▸ What is expected
Leave out the pictures and set down exactly the lines from the start of the listing through the one with "New design click", both included.

=== Dataset entries ===

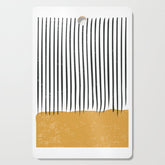 (White Background) Mid Century Modern Minimalist Rothko Inspired Color Field With Lines Geometric Style Cutting Board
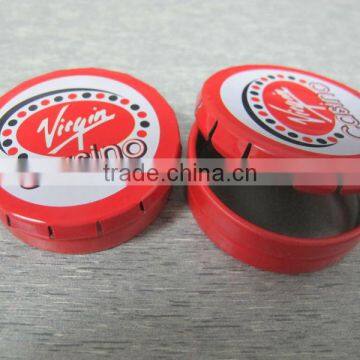New design click clack tin box small round metal tin box , click clack tin box red tin box click clack tin box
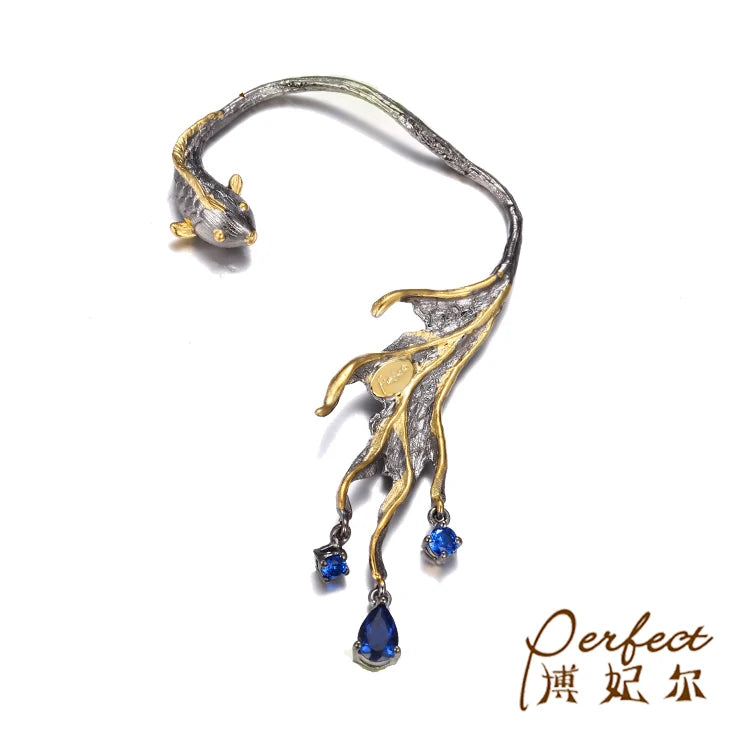 Unique Fashion Lovely Fish Cover Ear Cuff Clip Earring With Blue Spinel
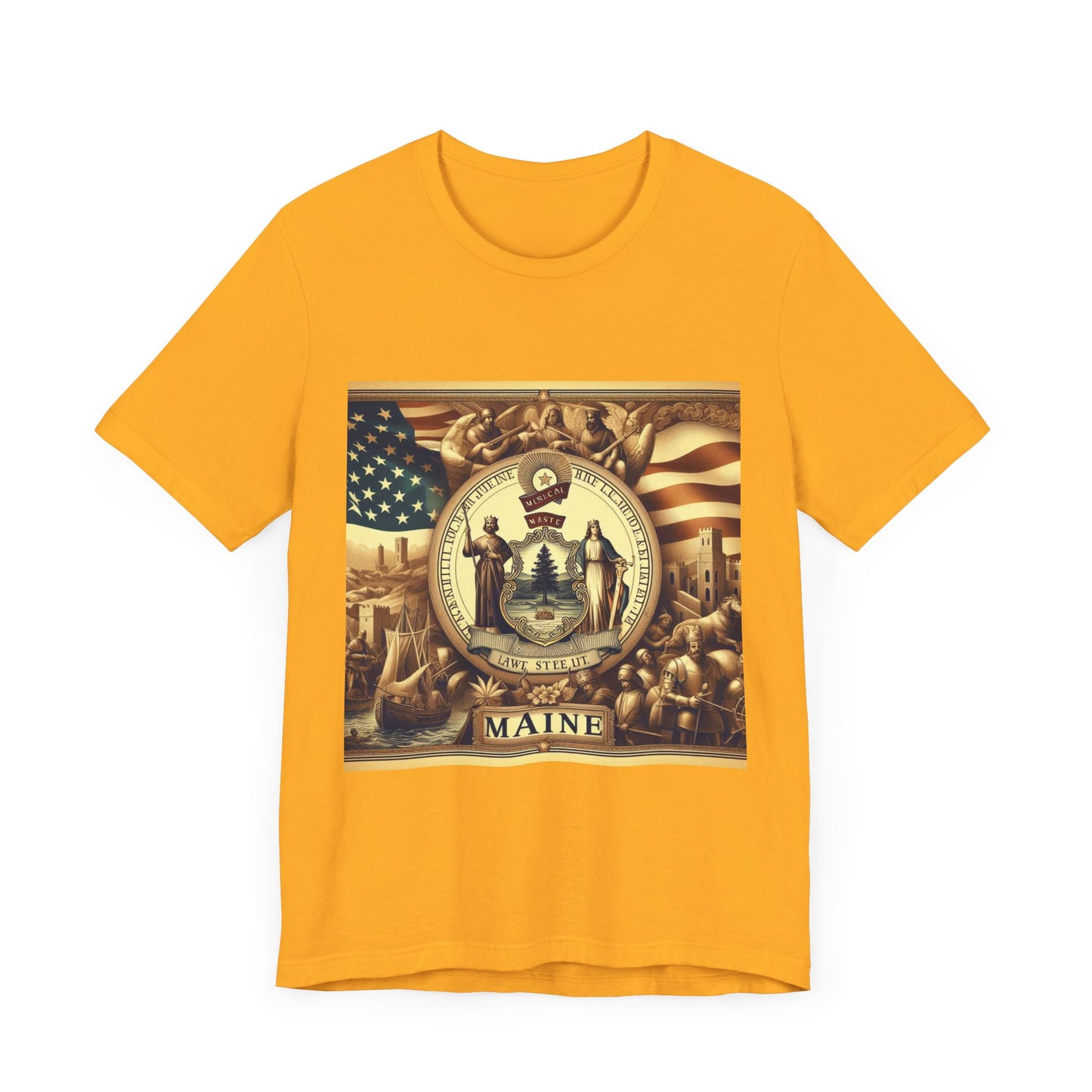 Maine Vintage Christian Crusader - Unisex Jersey Tee - USA - 100% Charity Benefit - The God Vote Collection by Chris Rabalais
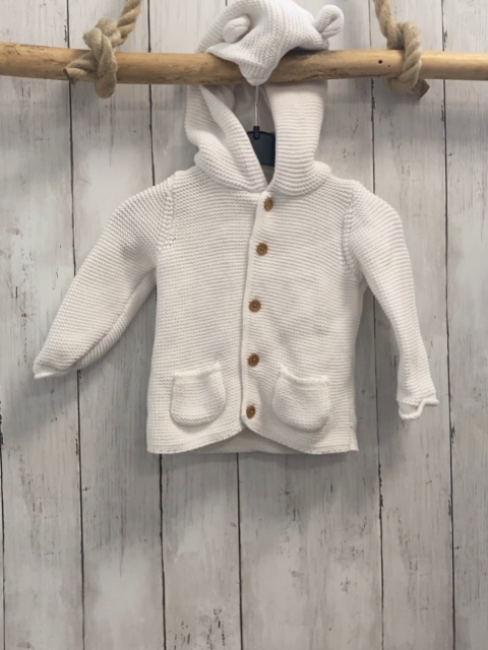 Next  Strickjacke  Gr. 86  weiß Kapuze mit Ohren 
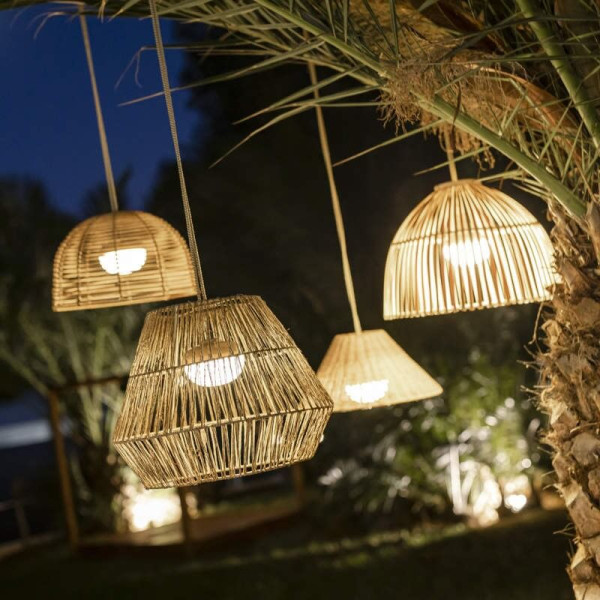NewGarden SISINE LED kabellose Hängelampe Naturfaser 30cm Akku + Fernbedienung Innen & Außen IP54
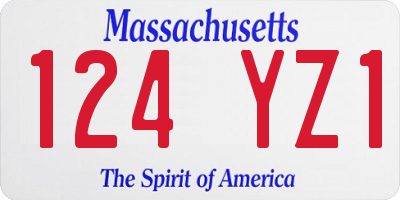 MA license plate 124YZ1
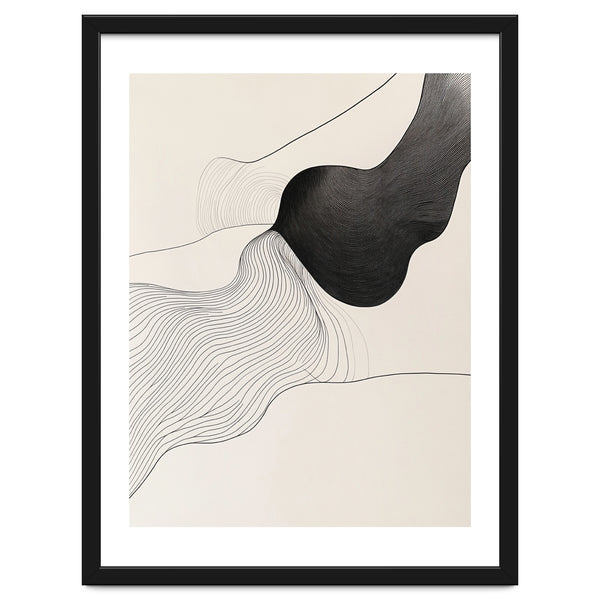 Abstract Black And White Organic Flowing Lines Art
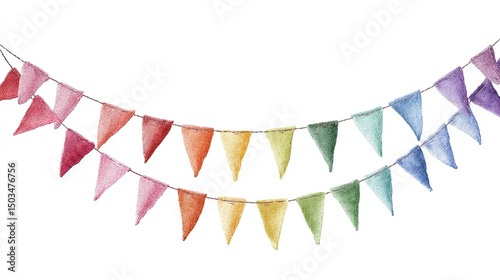 Watercolor Flags Colorful Celebration Pennants on White with Party Decor.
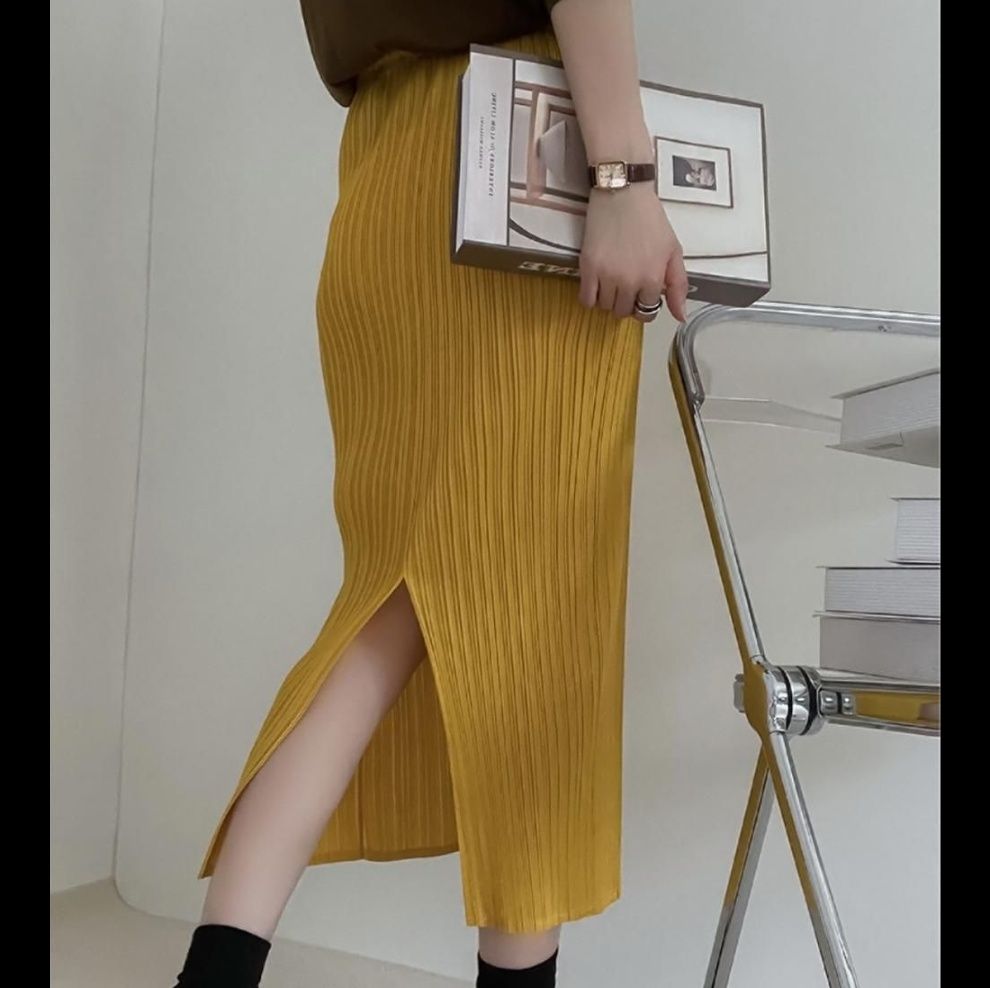 タイトスカート 縦プリーツデザインタイトロングスカート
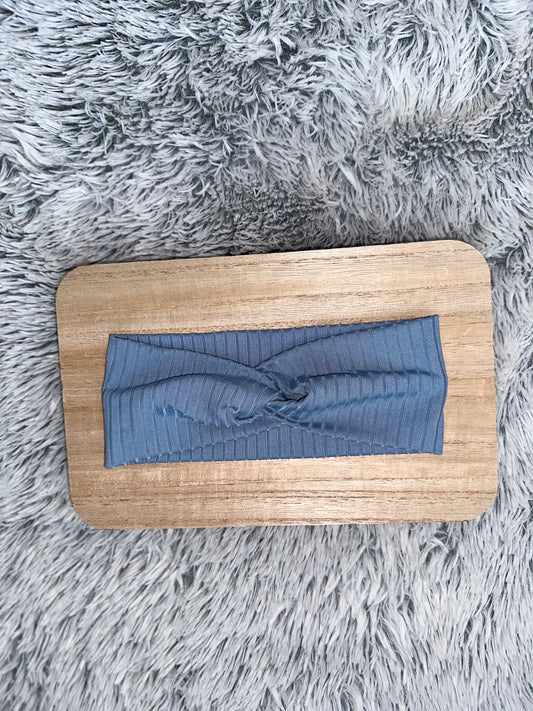 Adult Twist Headband Steel Blue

===

▸ Result for this exercise
 (White Background) Mid Century Modern Minimalist Rothko Inspired Color Field With Lines Geometric Style Cutting Board
New design click clack tin box small round metal tin box , click clack tin box red tin box click clack tin box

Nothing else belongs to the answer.